Why Latinos may decide the next U.S. president
October 12th, 2012
11:39 AM ET

Why Latinos may decide the next U.S. president

By Shannon K. O’Neil, CFR

Shannon K. O’Neil is senior fellow for Latin America Studies at the Council on Foreign Relations. This entry of Latin America’s Moment originally appeared here. The views expressed are solely those of the author.

A recent Pew Hispanic Center report on trends in Latino voter participation counts a record 24 million Latinos as eligible to vote in November’s presidential election (11 percent of all potential voters). It also finds that Latinos are particularly important in several battleground states. Their rising numbers and geographic concentration suggest that how and if Latinos vote on November 6 could determine the race.

While a large voting bloc for several election cycles now, Latinos have yet to fully wield their potential political power. Part of the reason is turnout – few Latinos make it to the polls on election day. In 2008 only half of eligible Latino voters cast ballots versus 65 percent of blacks and 66 percent of whites.

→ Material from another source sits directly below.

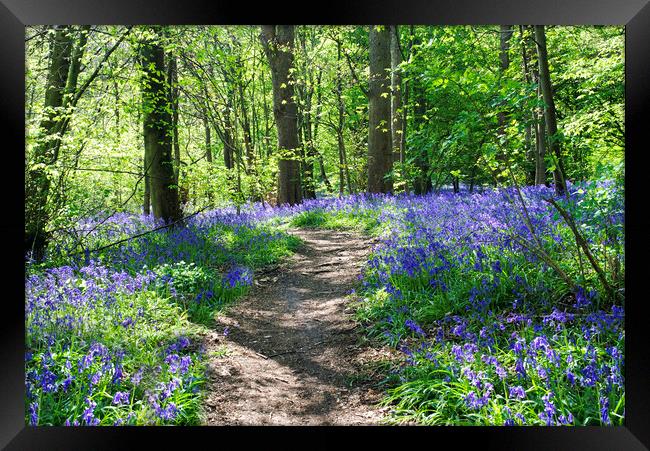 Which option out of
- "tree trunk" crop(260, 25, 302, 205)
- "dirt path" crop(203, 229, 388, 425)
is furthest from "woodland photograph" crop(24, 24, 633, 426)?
"tree trunk" crop(260, 25, 302, 205)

Latinos are also a heterogeneous bunch with vast differences across the population; for instance the priorities of Florida’s conservative Cuban base are vastly different from Arizona’s predominantly Mexican-American constituency. Complicating political appeals even further, a recent Gallup poll shows that Latinos’ political priorities differ by generation. As shown in the chart below, foreign born Latinos care most about economic growth, second generation citizens focus on unemployment, and third generation members prioritize healthcare.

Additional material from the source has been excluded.